Activity – Everything below from the line with "Hello and welcome" through the line with "Air conditioning, power" should be copied exactly, and nothing else; leave out the pictures.

Data excerpts –
☆ ☆ ☆ ☆
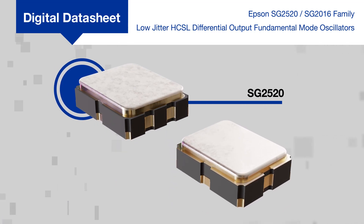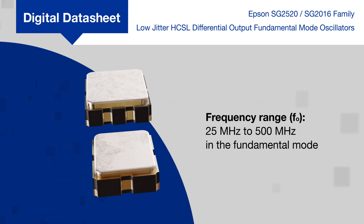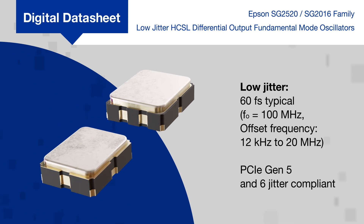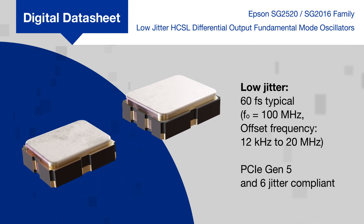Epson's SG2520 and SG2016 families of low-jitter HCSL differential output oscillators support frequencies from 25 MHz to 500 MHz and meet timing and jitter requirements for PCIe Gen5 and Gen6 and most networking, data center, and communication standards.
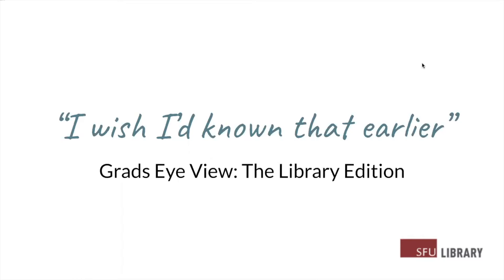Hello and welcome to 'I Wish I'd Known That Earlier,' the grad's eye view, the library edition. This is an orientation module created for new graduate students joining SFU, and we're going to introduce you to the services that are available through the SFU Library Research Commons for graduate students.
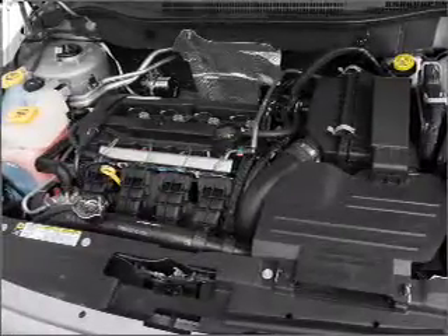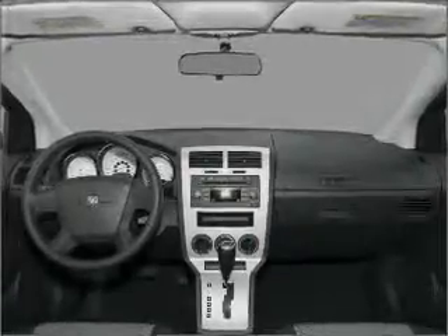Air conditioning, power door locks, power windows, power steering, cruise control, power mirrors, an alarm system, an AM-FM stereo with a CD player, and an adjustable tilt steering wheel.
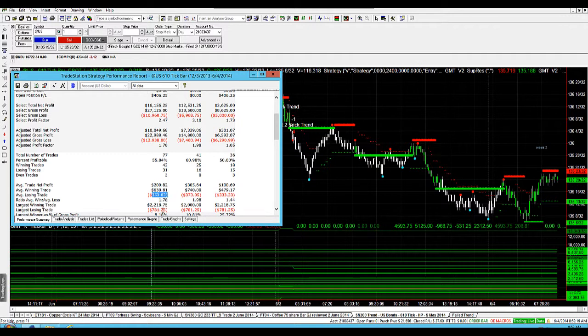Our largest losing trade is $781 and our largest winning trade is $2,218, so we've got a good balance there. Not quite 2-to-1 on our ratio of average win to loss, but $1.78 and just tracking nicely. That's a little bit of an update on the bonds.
☆ ☆ ☆ ☆
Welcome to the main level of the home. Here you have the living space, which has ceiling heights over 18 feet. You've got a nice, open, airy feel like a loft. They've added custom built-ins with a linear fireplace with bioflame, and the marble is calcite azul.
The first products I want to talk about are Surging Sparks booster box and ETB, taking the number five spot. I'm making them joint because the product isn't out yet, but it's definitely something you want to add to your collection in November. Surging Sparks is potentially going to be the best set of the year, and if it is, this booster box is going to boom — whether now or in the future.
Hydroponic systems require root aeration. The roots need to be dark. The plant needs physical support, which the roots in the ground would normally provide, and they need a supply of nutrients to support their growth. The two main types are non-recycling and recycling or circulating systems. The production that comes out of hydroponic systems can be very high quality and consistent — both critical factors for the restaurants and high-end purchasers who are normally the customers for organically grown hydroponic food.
☆ ☆ ☆ ☆
Exercise response –
Hello and welcome to 'I Wish I'd Known That Earlier,' the grad's eye view, the library edition. This is an orientation module created for new graduate students joining SFU, and we're going to introduce you to the services that are available through the SFU Library Research Commons for graduate students.
Air conditioning, power door locks, power windows, power steering, cruise control, power mirrors, an alarm system, an AM-FM stereo with a CD player, and an adjustable tilt steering wheel.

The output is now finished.